Permitted Development rights will be extended to enable homeowners to add up to two additional storeys to their home through a fast-track approval process, the government has confirmed.
The new rules will come into effect by September to help homeowners gain more living space - with a requirement to carefully consider the appearance of the extension and how this could impact neighbours.
This is extremely significant news for homeowners. However, while on the one hand, this is positive for extenders who want to extend up and support a growing family, concerns have been raised about the aesthetic impact of these extensions, giving neighbours fewer means to challenge the developments.
The details of the fast-track system have not yet been expanded on, and it is unclear whether the extensions will be allowed under prior approval - a formal submission to a local planning authority to seek confirmation that specified parts of a development are acceptable, before work can commence.
Cutting the Red Tape
The new rules will also mean full planning applications will not be required by developers to demolish and rebuild unused buildings, which the government hopes will aid high streets and town centres by providing more space for new businesses.
Housing secretary Robert Jenrick said earlier this year that he wanted to rip up the planning red tape to deliver much-needed new homes across England, and he reiterated this point on Tuesday.
Mr Jenrick said: “We are reforming the planning system and cutting out unnecessary bureaucracy to give small business owners the freedom they need to adapt and evolve, and to renew our town centres with new enterprises and more housing.
“These changes will help transform boarded up, unused buildings safely into high quality homes at the heart of their communities. It will mean that families can add up to two storeys to their home, providing much needed additional space for children or elderly relatives as their household grows.”
Reaction to the Permitted Development Update
Paul Testa, founder of Paul Testa Architecture and contributor to Homebuilding & Renovating says the update is “worrying”, and could lead to a lack of quality in future homes.
Testa said: “Permitted Development is such a blunt tool, at the best of times, I can't see how this will lead to the quality that we need and will make our high streets even bleaker.
"The idea also that we can build additional storeys on top of our homes is also worrying.

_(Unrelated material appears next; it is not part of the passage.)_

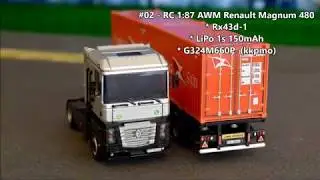 Renault Magnum 480 #2 | AWM | RC 1:87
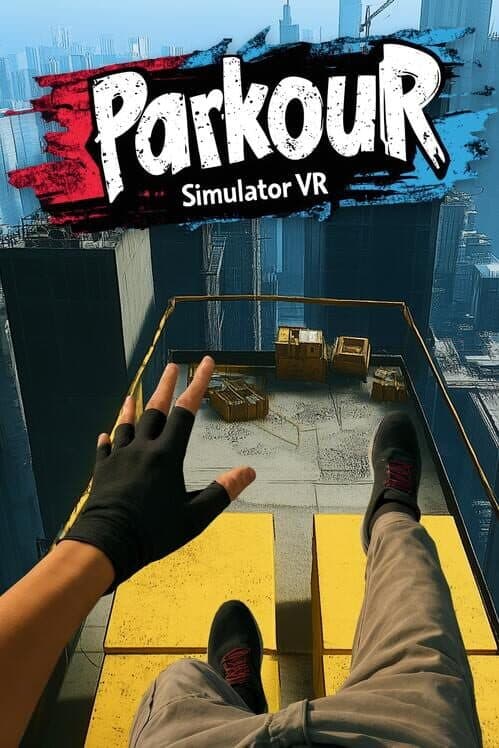 Parkour Simulator VR cover art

There are very few locations where this wouldn't significantly impact on neighbour amenity.
"It will also change the character of streets overnight. Planners struggle to maintain architectural quality at the moment and with stretched budgets and relaxed rules this is a disaster for maintaining quality in our built environment.”
The extension has been called “disgraceful” by the Royal Institute of British Architects (RIBA), which says the move could be damaging for the planning system.

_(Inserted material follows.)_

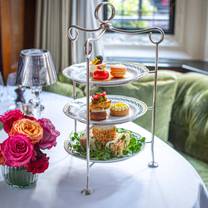 Afternoon Tea in the Park Lounge at the Milestone Hotel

Alan Jones, president of RIBA, said: “The extension of this policy is truly disgraceful. There is no evidence that the planning system is to blame for the shortage of housing, and plenty to suggest that leaving local communities powerless in the face of developers seeking short-term returns will lead to poor results.

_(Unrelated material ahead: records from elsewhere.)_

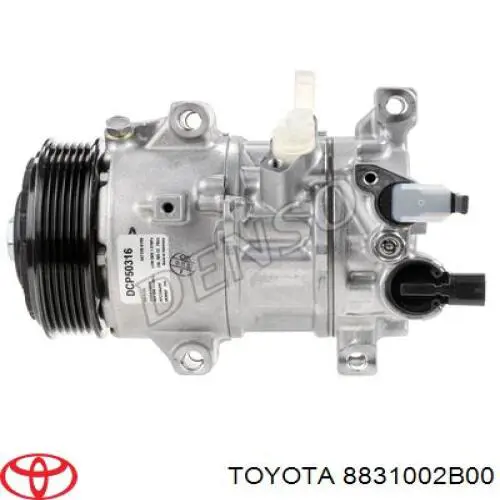 Компресор кондиціонера DCP50316 Denso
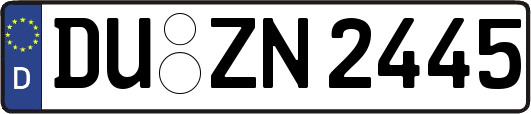 DU-ZN2445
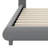 Mexhide Upholstered Platform Bed-466859162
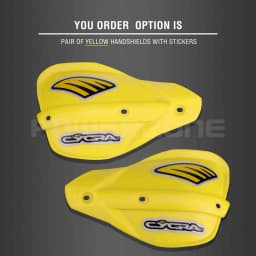 Powerzone Probend Handguards For Honda KTM ADV EXC EnduroHusqvarna TE CRF WRF DRZ KLX Motorcycle Dirt Bike ATV Handlebar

“The extension of PDR is not just damaging – it’s a missed opportunity. We will be writing to the Housing Minister as a matter of urgency.”
While the government extends Permitted Development against rising resistance, it also has to assuage fears following an independent government report published on Tuesday that revealed homes created through Permitted Development are of a lower standard of quality than homes which go through the planning system.
"Only 22.1 per cent of dwelling units created through PD would meet the nationally described space standards (NDSS), compared to 73.4 per cent of units created through full planning permission," reads the report. "Studio flats of just 16 metres squared each were found in a number of different PD schemes."
The independent report, based on interviews with officials in 11 local planning authorities across England, was commissioned by Mr Jenrick's Ministry of Housing, Communities and Local Government, and identify widely held concerns about Permitted Development.
"Permitted development conversions do seem to create worse quality residential environments," wrote the report's authors.
“All of the local planning officers interviewed had concerns about PDR, usually most acutely in concern to the quality of developments that were being produced through it.”